An evolution equation \(du=Au\,dt+G(u)\,d\omega\), \(u(0)=u_0\), is considered on a separable Hilbert space \(V\). Here, \(-A\) is a strictly positive, symmetric operator with a compact inverse such that \(A\) is an infinitesimal generator of an analytic and exponentially decreasing semigroup on \(V\), \(G\) is a \(C^2\)-smooth mapping from \(V\) to the space of Hilbert-Schmidt operators on \(V\) with \(DG\) and \(D^2G\) bounded and \(\omega\) is a \(V\)-valued Hölder continuous path with the Hölder exponent in \((1/2,1)\). Integrals with respect to \(d\omega\) are understood in the sense of Zähle's generalization of the Young integral.
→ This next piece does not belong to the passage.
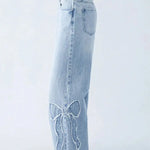 Yasmin | Rechte Snit Wijde Pijpen Denim Jeans met Patches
Let the set of locally \(\beta^{\prime\prime}\)-Hölder-continuous functions \(\omega:\mathbb R\to V\), \(\omega(0)=0\), for some \(\beta^{\prime\prime}\in(1/2,1)\) be denoted by \(\Omega\) and consider the flow \(\theta_t\omega=\omega(t+\cdot)-\omega(t)\). It is shown that the mild solutions \(\varphi(\cdot,\omega,u_0)\) of the above equation define a nonautonomous dynamical system on \(V\). Using suitable (non-Markovian) stopping times \(\{T_i(\omega)\}_{i\in\mathbb Z}\) that satisfy a cocycle property for \((\theta_t)\), the authors consider a discrete nonautonomous dynamical system \((\tilde{\theta},\Phi)\) on \(V\), derived from \((\theta_t,\varphi)\), and prove that, under certain conditions, it has a unique pullback attractor with respect to a system of backward \(\nu\)-exponentially growing sets in \(V\). In the next section, attracting sets for \(\varphi\) are studied in the discrete as well as in the time-continuous case. In the last section, the case when \(\omega\) is a fractional Brownian motion in \(V\) with the Hurst parameter \(H\in(1/2,1)\) and a spatial covariance \(Q\) is studied. It is proved that the system under consideration defines an ergodic, metric dynamical system and the (pathwise) mild solutions define a random dynamical system, for which the pullback attractor constructed in the previous section is also a unique random attractor attracting random tempered sets.